Bezos' Blue Origin says there were flaws in Nasa's tendering © Joe Raedle/Getty Images
Bezos' Blue Origin says there were flaws in Nasa's tendering © Joe Raedle/Getty Images

Jeff Bezos sues Nasa over 'unlawful' procurement

17 August 2021

Amazon billionaire Jeff Bezos has filed a lawsuit against Nasa claiming “unlawful and improper evaluation of proposals” in its procurement.

Bezos’s commercial space travel company Blue Origin is suing Nasa over its decision to award a contract to SpaceX, arguing the process should be re-run.

Nasa awarded the £2.9bn contract to Elon Musk’s SpaceX in April to build the lunar lander that will undertake the first human-led mission to the Moon since 1972, but Bezos’ company argued there were “fundamental issues” with the deal.
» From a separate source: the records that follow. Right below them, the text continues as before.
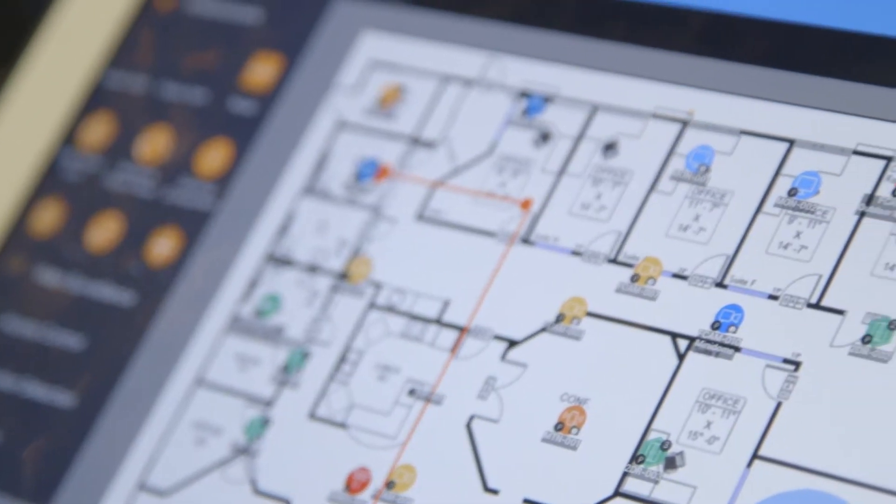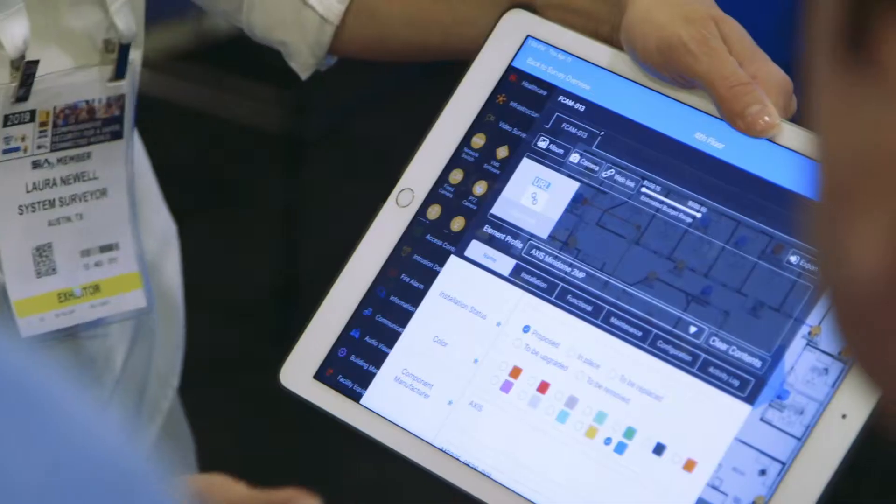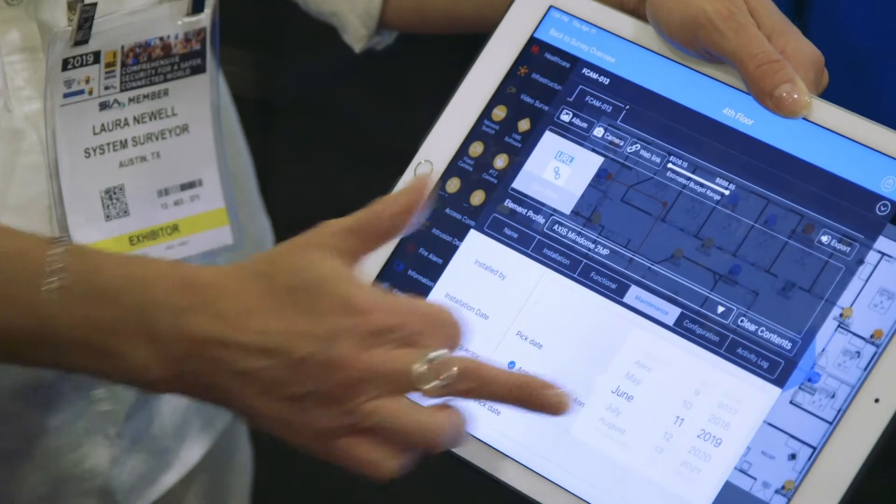They can go out, take pictures, add the icons to the map, input the information, and upload it right there in the field. So back in the office I can see exactly what they're doing and what they're working on. Overall, it has been a huge time saver for us.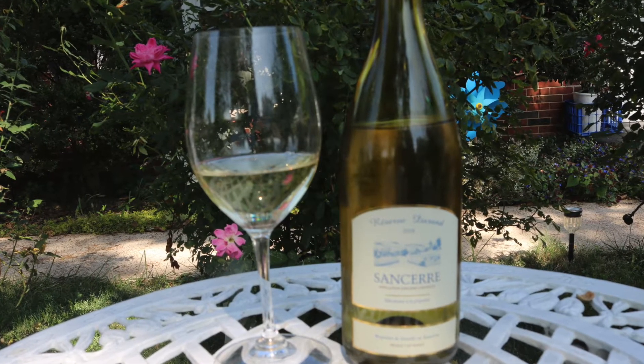This has some weight to it. It is crisp, it's clean. It's made in stainless steel so you don't get any oakiness to it. Wonderful lemon flavors, but it also has this chalky mineral flinty finish to it.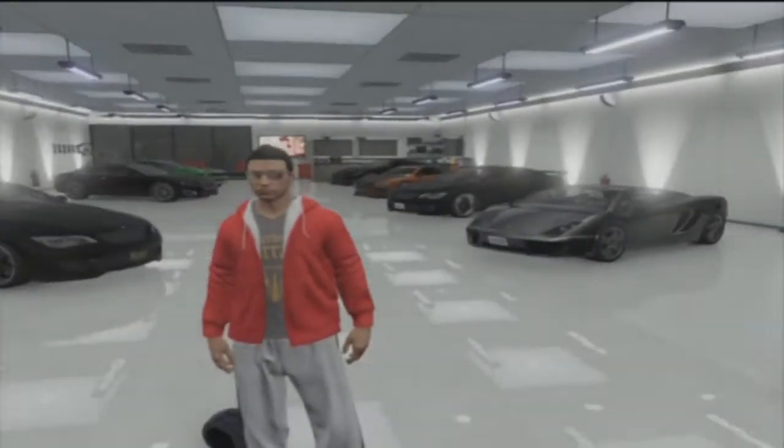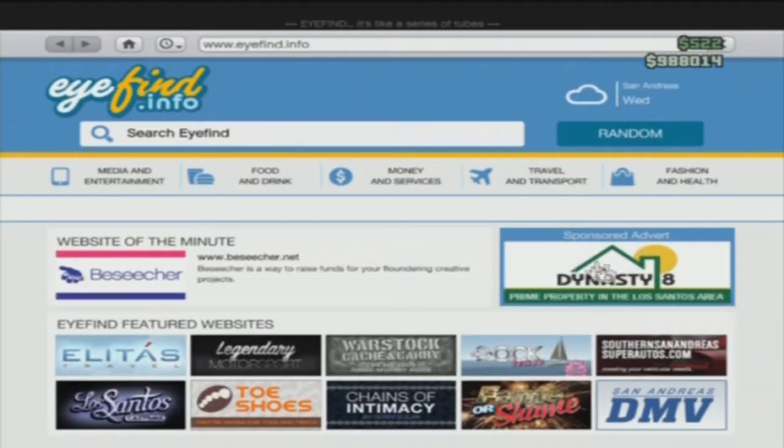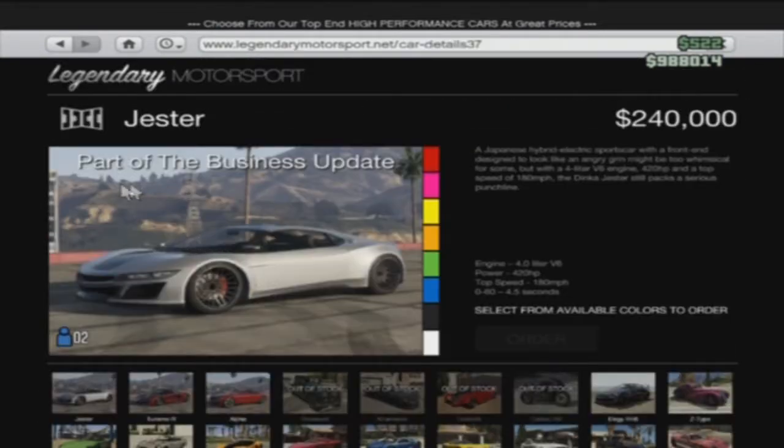Hey guys, how are you today? My name is The Lemonite Gamer, and today I have another GTA 5 in the spotlight video. Today we will be talking about the Jester, a car that has been brought out with the new business update that happened a couple weeks ago. You can buy it for $240,000. It is a Japanese hybrid electric sports car — it looks like a supercar, but it's not, although if you soup it up it is.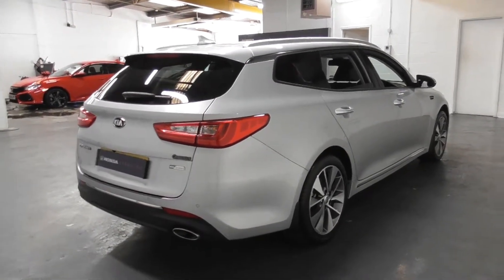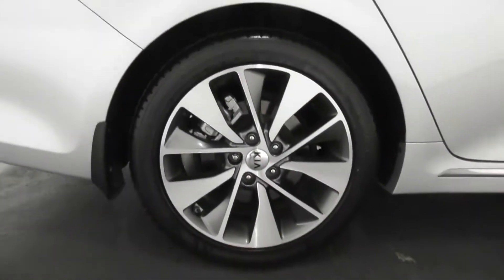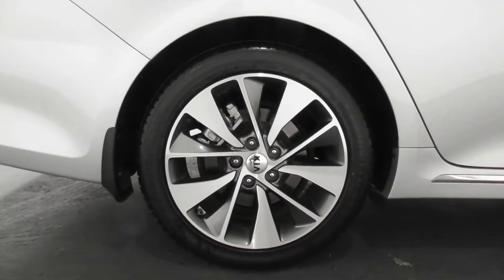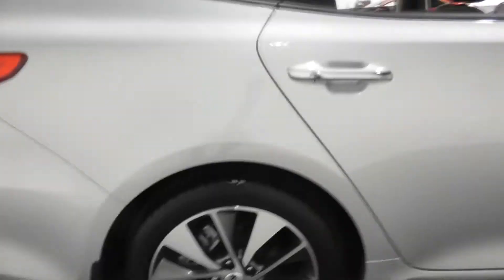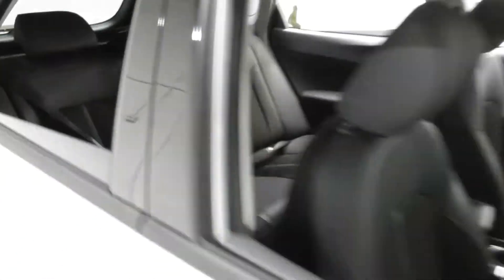The benefits of buying an approved used car from Bassett include complimentary 5 day drive away insurance, a range of financial solutions, 30 day exchange policy, assured vehicle history and half price MOT tests.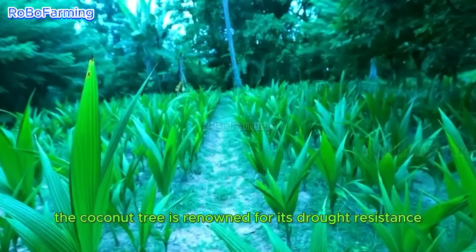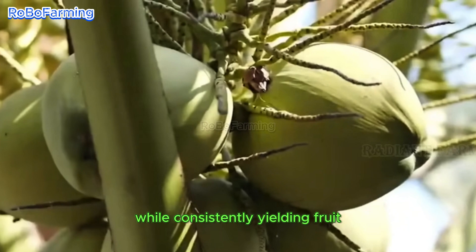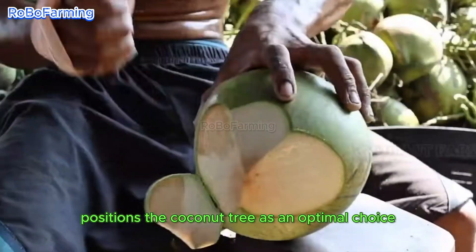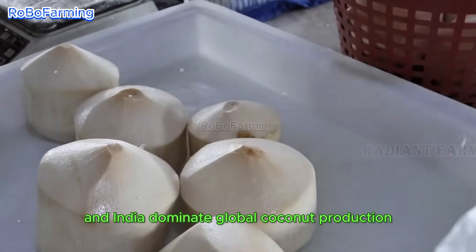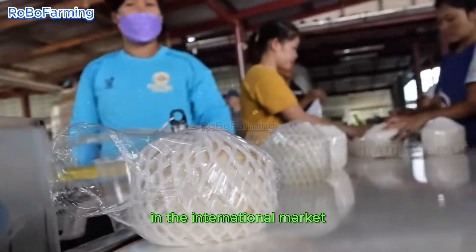The coconut tree is renowned for its drought-resistance and low-maintenance requirements, enduring for up to a century while consistently yielding fruit. This remarkable longevity positions the coconut tree as an optimal choice for agricultural endeavors. Countries such as Indonesia, the Philippines, and India dominate global coconut production, underscoring their significance in the international market.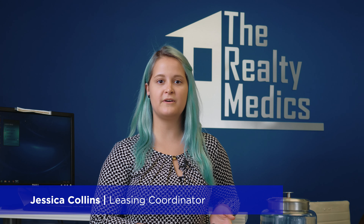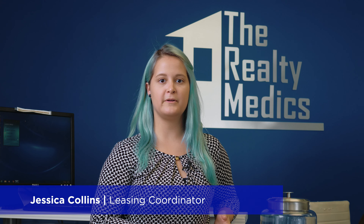Hello, my name is Jessica. I'm with The Realty Medics. If you're seeing this today, you have a showing with us, and you've already arrived to the property.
SpaceX, Blue Origin and Dynetics had been competing for what was originally meant to be two contracts, but Nasa made the decision to only award one contract after funding was cut by Congress.

Nasa had originally requested $3.3bn for the project, but Congress only awarded Nasa $850m.

Bezos had previously offered to waive payments of up to $2bn if Nasa awarded the contract to Blue Origin. Bezos claimed the waiver would help make up Nasa’s funding shortfall, and would allow his company to compete with SpaceX.

A Blue Origin spokesperson told Sky News the company wants to "remedy the flaws in the acquisition process found in Nasa's Human Landing System".

"We firmly believe that the issues identified in this procurement and its outcomes must be addressed to restore fairness, create competition, and ensure a safe return to the Moon for America," they added.

Nasa cited SpaceX’s previous track record of orbital missions as a factor in awarding the contract to the company. SpaceX’s bid was also the lowest bid made by a significant factor. 

A Nasa spokesperson said: "Nasa officials are currently reviewing details of the case.

"With our partners, we will go to the Moon and stay to enable science investigations, develop new technology, and create high paying jobs for the greater good and in preparation to send astronauts to Mars."

The federal Government Accountability Office (GAO) stood with Nasa’s decision to pick a single lunar lander provider, rejecting Blue Origin’s and Dynetics’ protests it was unfairly awarded.

The GAO said in a statement last month it “denied the protest arguments that Nasa acted improperly in making a single award to SpaceX”.

Nasa must respond to Blue Origin's lawsuit by 12 October.